*** DATA EXCERPTS Section Begins ***

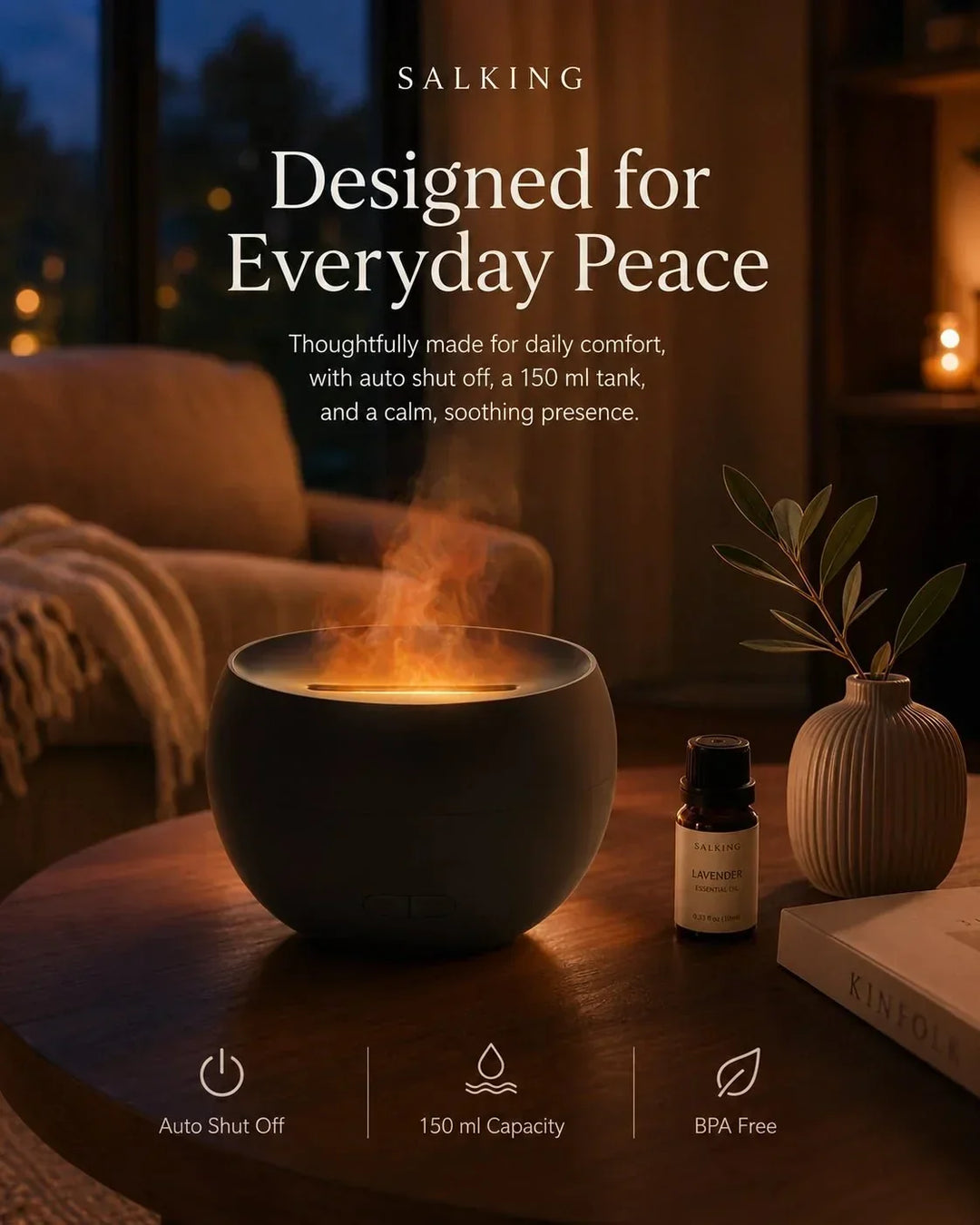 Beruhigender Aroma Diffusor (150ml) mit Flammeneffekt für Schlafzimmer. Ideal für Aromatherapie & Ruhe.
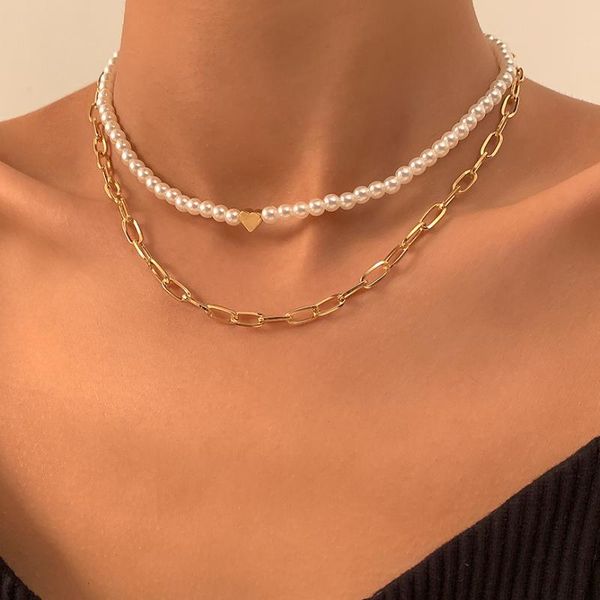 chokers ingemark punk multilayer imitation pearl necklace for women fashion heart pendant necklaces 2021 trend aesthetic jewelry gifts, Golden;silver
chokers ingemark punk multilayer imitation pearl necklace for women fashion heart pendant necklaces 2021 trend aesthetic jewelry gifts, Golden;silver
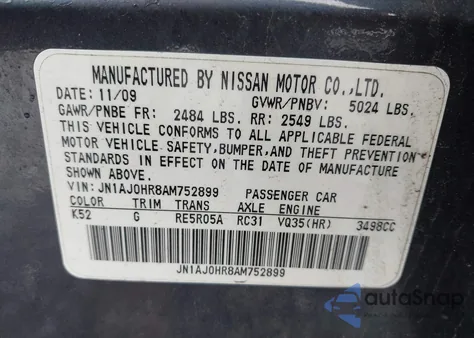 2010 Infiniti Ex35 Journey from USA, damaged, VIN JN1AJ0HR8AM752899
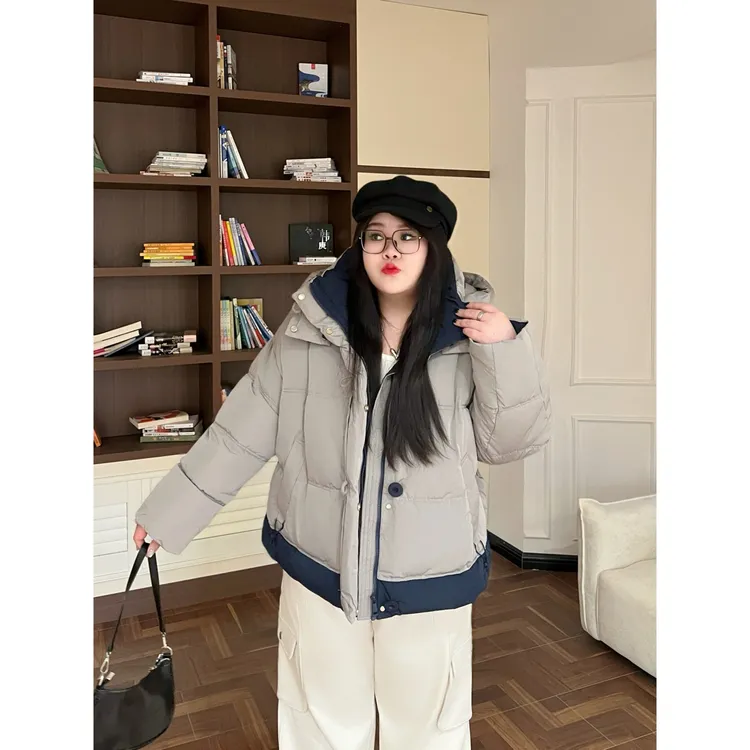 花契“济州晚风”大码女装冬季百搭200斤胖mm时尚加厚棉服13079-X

*** DATA EXCERPTS Section Ends ***

■ TASK DIRECTIONS:
Where the line containing "2010 Infiniti Ex35" appears above, start there and set down each line exactly through the last line of the data; leave out every picture.

■ ANSWER:
 2010 Infiniti Ex35 Journey from USA, damaged, VIN JN1AJ0HR8AM752899
 花契“济州晚风”大码女装冬季百搭200斤胖mm时尚加厚棉服13079-X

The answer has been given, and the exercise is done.